Reawakening America: The New Professional Political Class

America’s 2017 experiment is underway. President Donald Trump was pugilistic and hard from the Inauguration podium, reciting “America First” rhetoric (while attempting to liberate this phrase from its smelly 1930s roots.) Sean Spicer, Trump’s press secretary and ever the good soldier, projected the boss’ umbrage with a 5-minute screed against the “deliberately false” reporting of crowd sizes arrayed before the new leader on the National Mall. Shot from a gun in late January, Trump signed executive orders erasing Obama’s eight-year blackboard, a muzzle is placed on the federal bureaucracy and an ill-advised, non-religious (wink) religious ban against legal immigrants is enacted.

The tone is set.

Team Trump’s fast start propelled a Left counterpoint. Millions, women and supporters of immigrants, in major cities across the country peacefully and vigorously marched out their displeasure. Trump gives them clear reason to organize, have something more to say and say it with greater volume week over week.

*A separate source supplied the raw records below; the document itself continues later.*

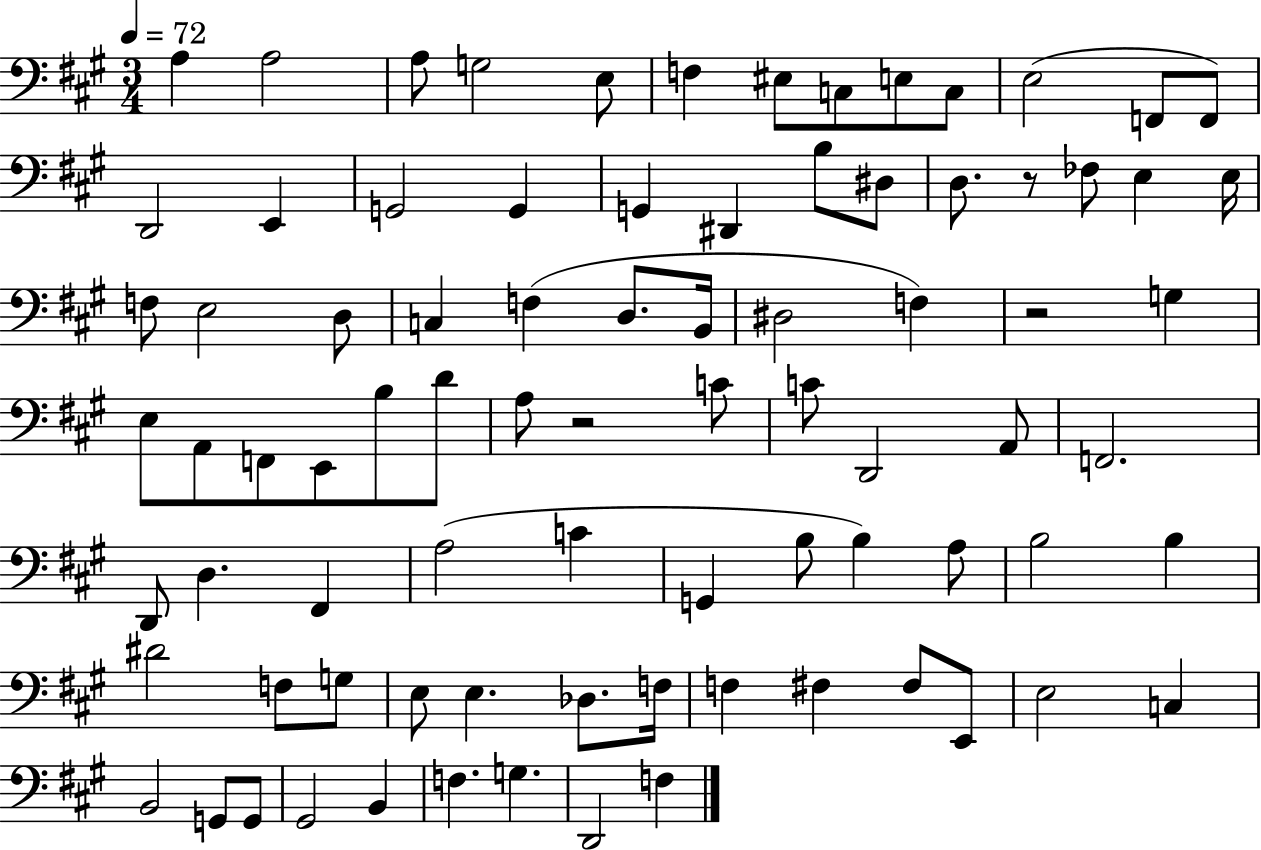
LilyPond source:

{
  \clef bass
  \numericTimeSignature
  \time 3/4
  \key a \major
  \tempo 4 = 72
  \repeat volta 2 { a4 a2 | a8 g2 e8 | f4 eis8 c8 e8 c8 | e2( f,8 f,8) | \break d,2 e,4 | g,2 g,4 | g,4 dis,4 b8 dis8 | d8. r8 fes8 e4 e16 | \break f8 e2 d8 | c4 f4( d8. b,16 | dis2 f4) | r2 g4 | \break e8 a,8 f,8 e,8 b8 d'8 | a8 r2 c'8 | c'8 d,2 a,8 | f,2. | \break d,8 d4. fis,4 | a2( c'4 | g,4 b8 b4) a8 | b2 b4 | \break dis'2 f8 g8 | e8 e4. des8. f16 | f4 fis4 fis8 e,8 | e2 c4 | \break b,2 g,8 g,8 | gis,2 b,4 | f4. g4. | d,2 f4 | \break } \bar "|."
} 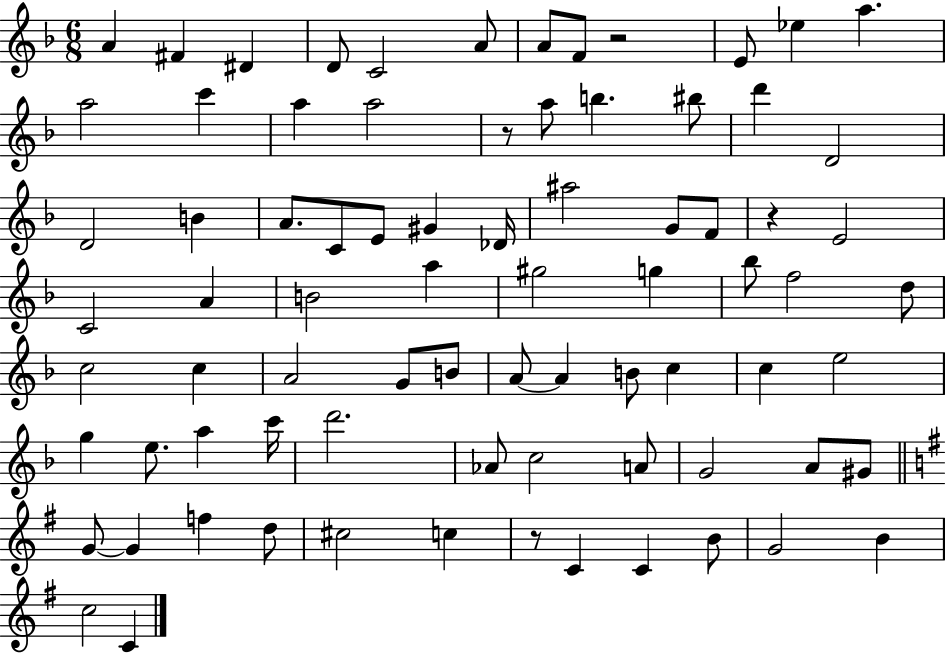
X:1
T:Untitled
M:6/8
L:1/4
K:F
A ^F ^D D/2 C2 A/2 A/2 F/2 z2 E/2 _e a a2 c' a a2 z/2 a/2 b ^b/2 d' D2 D2 B A/2 C/2 E/2 ^G _D/4 ^a2 G/2 F/2 z E2 C2 A B2 a ^g2 g _b/2 f2 d/2 c2 c A2 G/2 B/2 A/2 A B/2 c c e2 g e/2 a c'/4 d'2 _A/2 c2 A/2 G2 A/2 ^G/2 G/2 G f d/2 ^c2 c z/2 C C B/2 G2 B c2 C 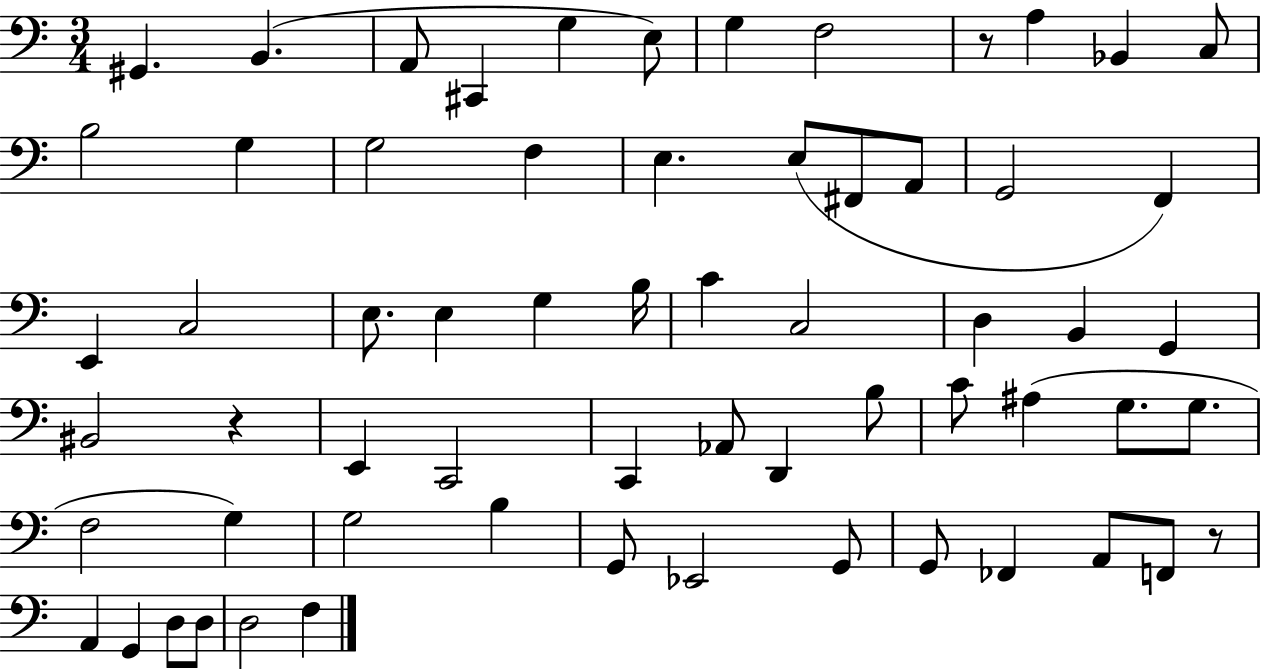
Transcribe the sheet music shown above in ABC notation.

X:1
T:Untitled
M:3/4
L:1/4
K:C
^G,, B,, A,,/2 ^C,, G, E,/2 G, F,2 z/2 A, _B,, C,/2 B,2 G, G,2 F, E, E,/2 ^F,,/2 A,,/2 G,,2 F,, E,, C,2 E,/2 E, G, B,/4 C C,2 D, B,, G,, ^B,,2 z E,, C,,2 C,, _A,,/2 D,, B,/2 C/2 ^A, G,/2 G,/2 F,2 G, G,2 B, G,,/2 _E,,2 G,,/2 G,,/2 _F,, A,,/2 F,,/2 z/2 A,, G,, D,/2 D,/2 D,2 F, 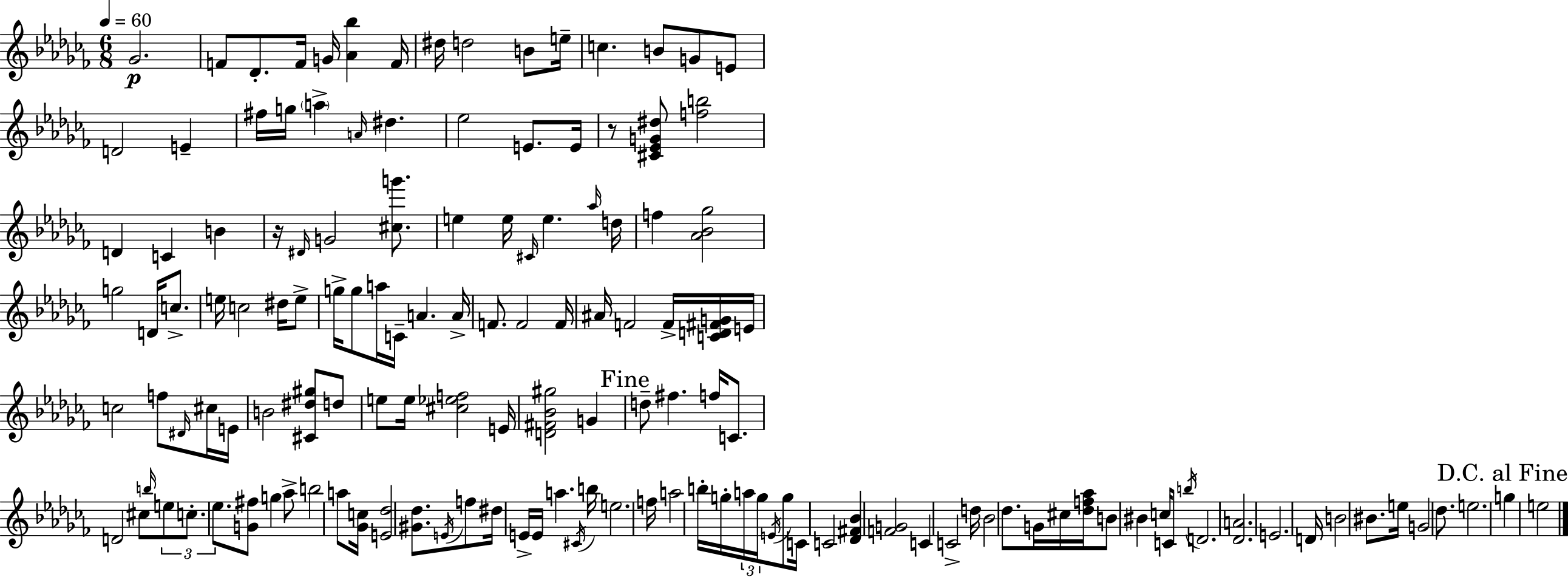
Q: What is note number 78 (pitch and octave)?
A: G5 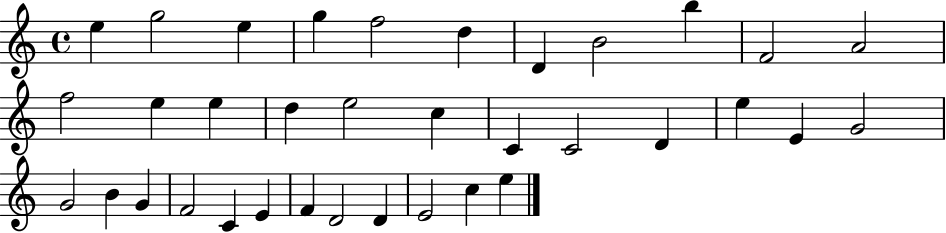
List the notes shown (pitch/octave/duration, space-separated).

E5/q G5/h E5/q G5/q F5/h D5/q D4/q B4/h B5/q F4/h A4/h F5/h E5/q E5/q D5/q E5/h C5/q C4/q C4/h D4/q E5/q E4/q G4/h G4/h B4/q G4/q F4/h C4/q E4/q F4/q D4/h D4/q E4/h C5/q E5/q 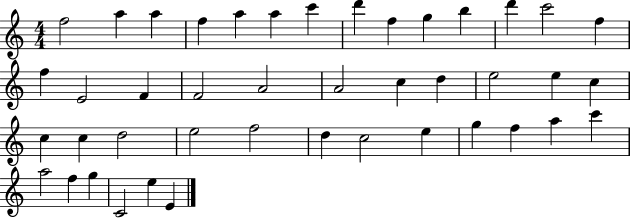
F5/h A5/q A5/q F5/q A5/q A5/q C6/q D6/q F5/q G5/q B5/q D6/q C6/h F5/q F5/q E4/h F4/q F4/h A4/h A4/h C5/q D5/q E5/h E5/q C5/q C5/q C5/q D5/h E5/h F5/h D5/q C5/h E5/q G5/q F5/q A5/q C6/q A5/h F5/q G5/q C4/h E5/q E4/q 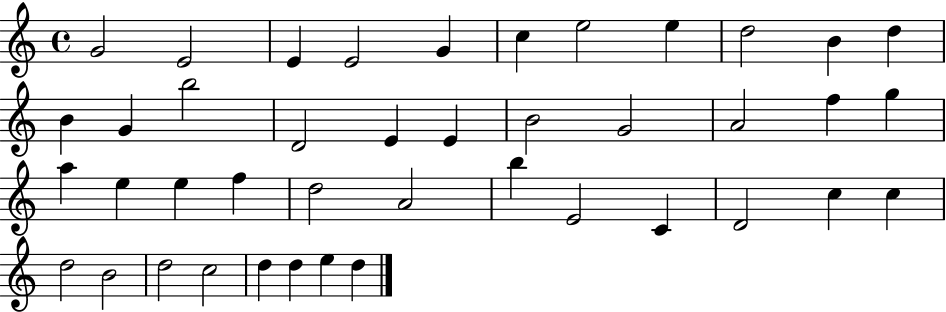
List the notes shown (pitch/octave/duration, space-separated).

G4/h E4/h E4/q E4/h G4/q C5/q E5/h E5/q D5/h B4/q D5/q B4/q G4/q B5/h D4/h E4/q E4/q B4/h G4/h A4/h F5/q G5/q A5/q E5/q E5/q F5/q D5/h A4/h B5/q E4/h C4/q D4/h C5/q C5/q D5/h B4/h D5/h C5/h D5/q D5/q E5/q D5/q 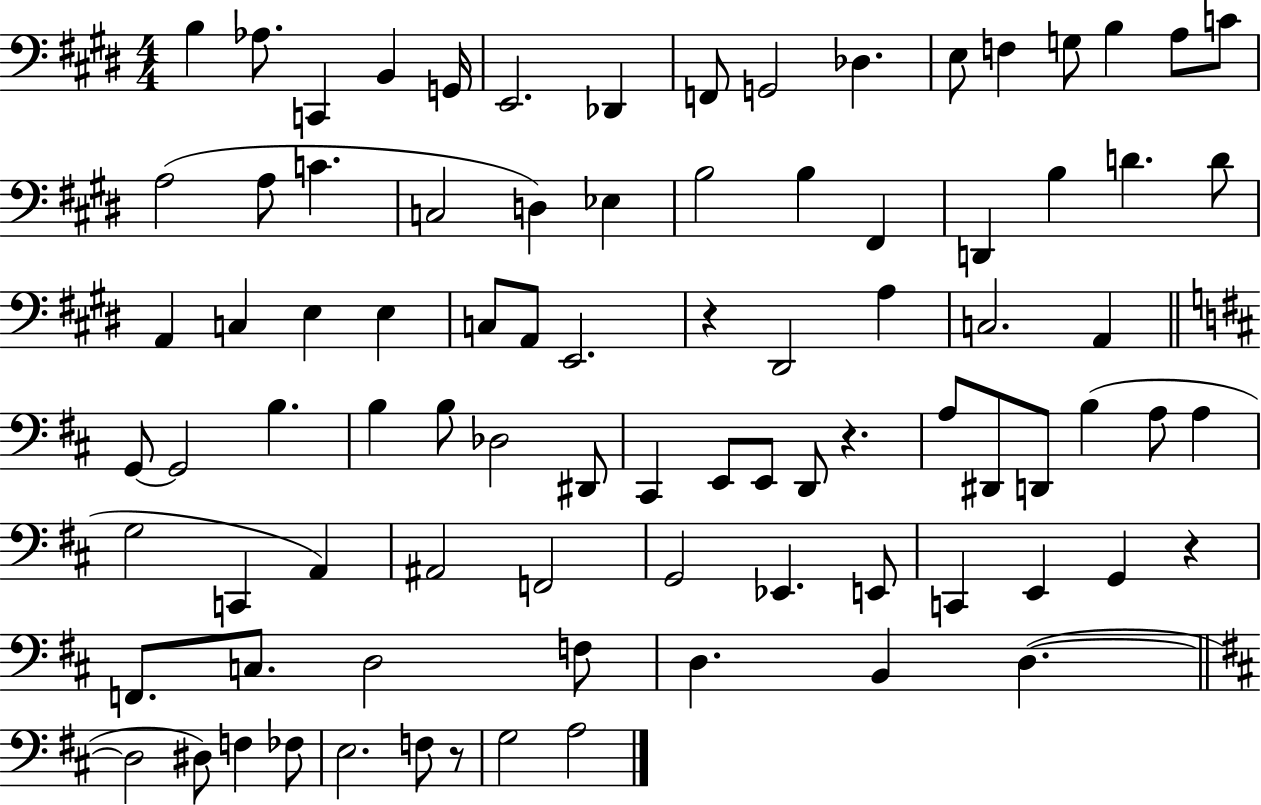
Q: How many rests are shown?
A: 4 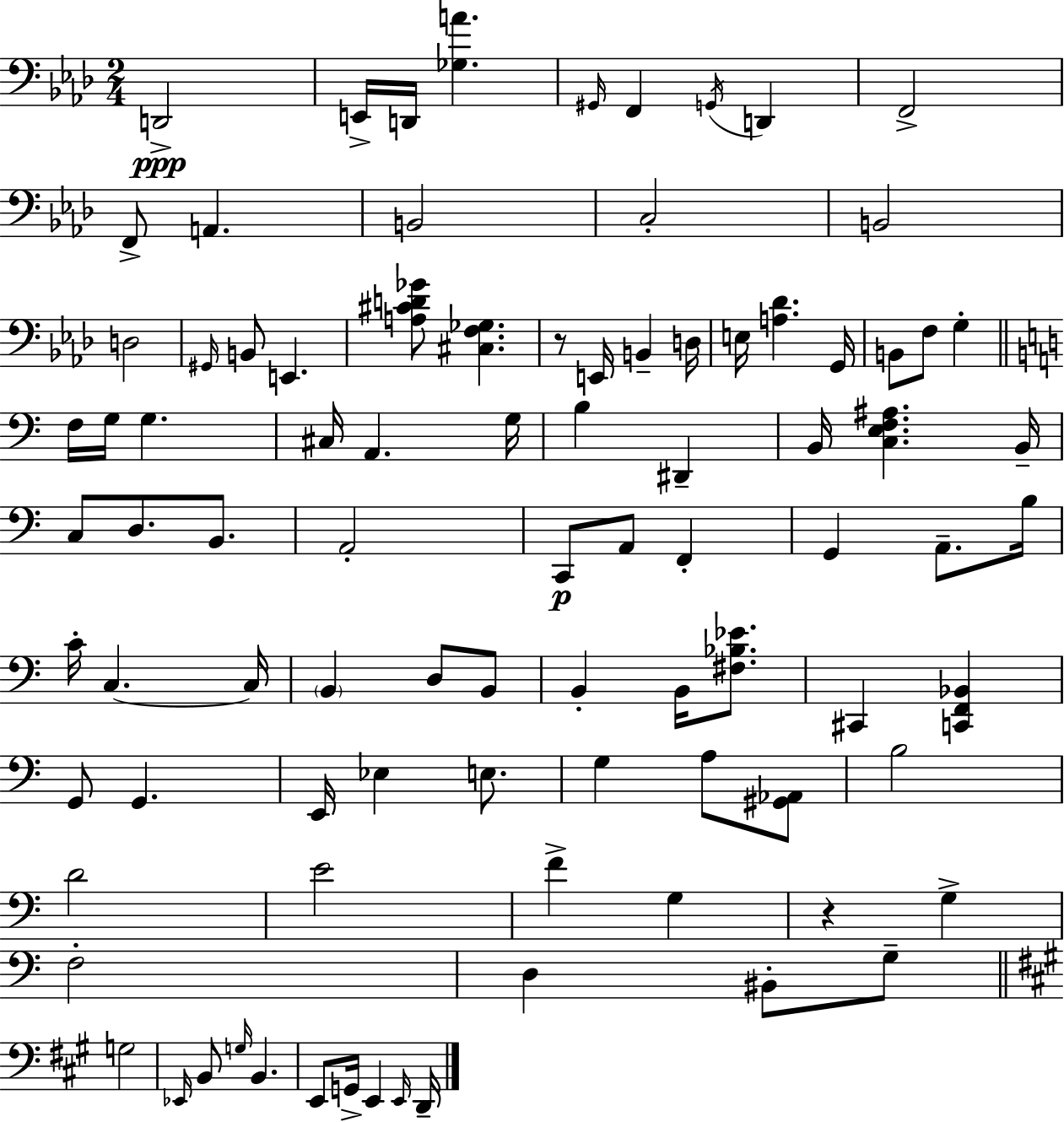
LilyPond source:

{
  \clef bass
  \numericTimeSignature
  \time 2/4
  \key aes \major
  d,2->\ppp | e,16-> d,16 <ges a'>4. | \grace { gis,16 } f,4 \acciaccatura { g,16 } d,4 | f,2-> | \break f,8-> a,4. | b,2 | c2-. | b,2 | \break d2 | \grace { gis,16 } b,8 e,4. | <a cis' d' ges'>8 <cis f ges>4. | r8 e,16 b,4-- | \break d16 e16 <a des'>4. | g,16 b,8 f8 g4-. | \bar "||" \break \key a \minor f16 g16 g4. | cis16 a,4. g16 | b4 dis,4-- | b,16 <c e f ais>4. b,16-- | \break c8 d8. b,8. | a,2-. | c,8\p a,8 f,4-. | g,4 a,8.-- b16 | \break c'16-. c4.~~ c16 | \parenthesize b,4 d8 b,8 | b,4-. b,16 <fis bes ees'>8. | cis,4 <c, f, bes,>4 | \break g,8 g,4. | e,16 ees4 e8. | g4 a8 <gis, aes,>8 | b2 | \break d'2 | e'2 | f'4-> g4 | r4 g4-> | \break f2-. | d4 bis,8-. g8-- | \bar "||" \break \key a \major g2 | \grace { ees,16 } b,8 \grace { g16 } b,4. | e,8 g,16-> e,4 | \grace { e,16 } d,16-- \bar "|."
} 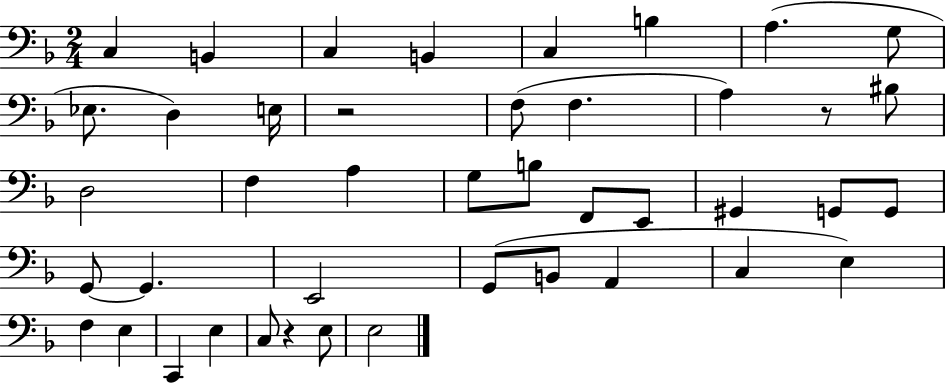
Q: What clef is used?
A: bass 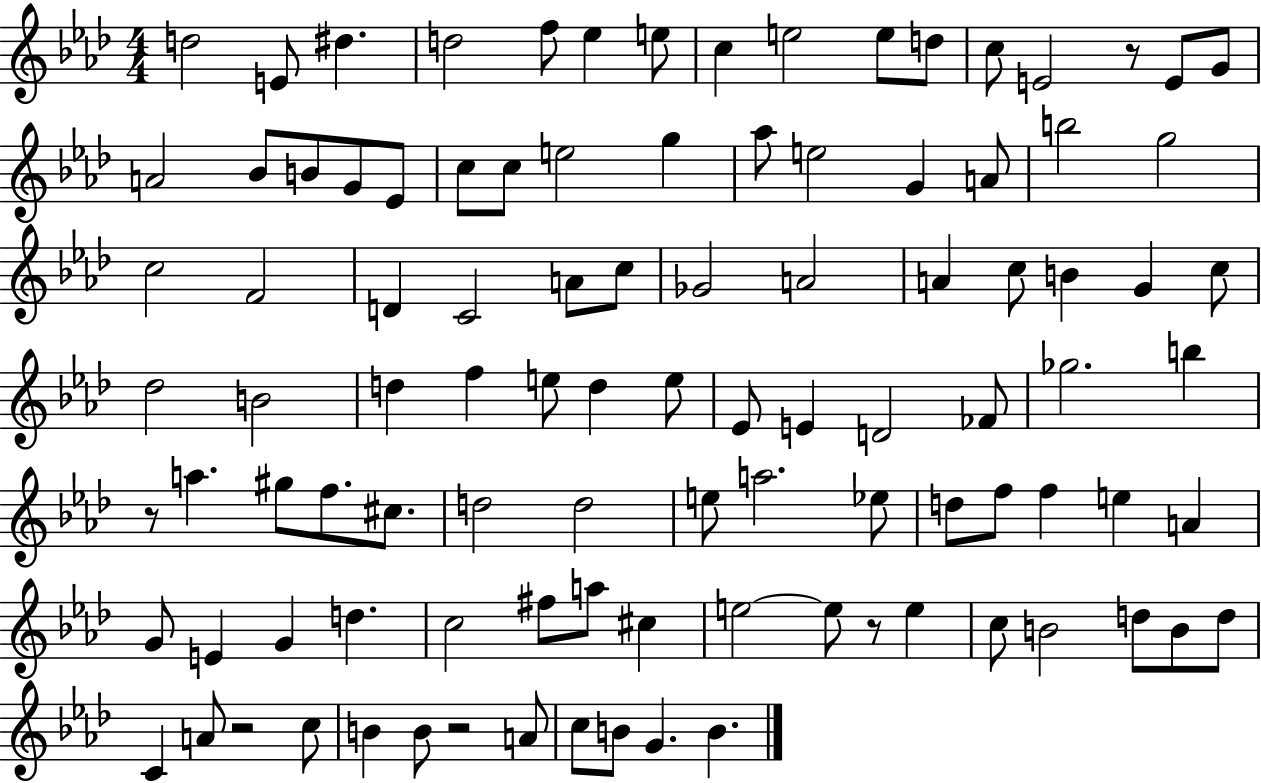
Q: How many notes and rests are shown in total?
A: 101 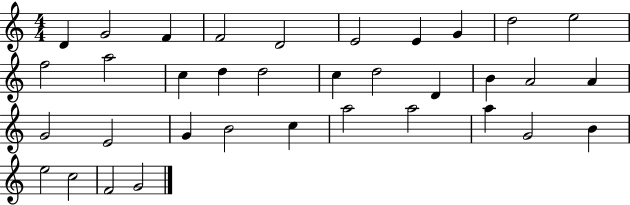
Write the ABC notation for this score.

X:1
T:Untitled
M:4/4
L:1/4
K:C
D G2 F F2 D2 E2 E G d2 e2 f2 a2 c d d2 c d2 D B A2 A G2 E2 G B2 c a2 a2 a G2 B e2 c2 F2 G2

Recently, outside Miami, the Left’s war drums sounded during a more private strategy gathering. Dozens of progressive funders and advocates hashed over the ills of Trumpism, listening as dark researcher David Brock sought to incriminate the new president as compromised by both Russia and the complexity of his business web. Brock claims post the tough election loss, his American Bridge--a collection of research, media, PACs and other political structures--is uniquely tested and equipped to wage constant war against the new president’s administration. Now please cough up $40 million for the work on your way out.

For those searching for comity between Democrats and Republicans in U.S. politics this 2017, please turn your heads now. Both sides’ top talent are lacing up steel-toed boots and slipping into political kevlar. The money is being collected. “There will be blood.”

Since the election, I have been in constant conversation to understand motivations of the interested from all sides: the Trump originalists; appointees for the new administration; former and continuing anti-Trumpers; angry Hillary campaigners; recently jobless Obamaites; marchers from many cities; strategists from both sides; and the funders who are providing the fuel. What runs through it for all is a sense that this burgeoning fight feels existential--framed as a fierce battle for America’s soul.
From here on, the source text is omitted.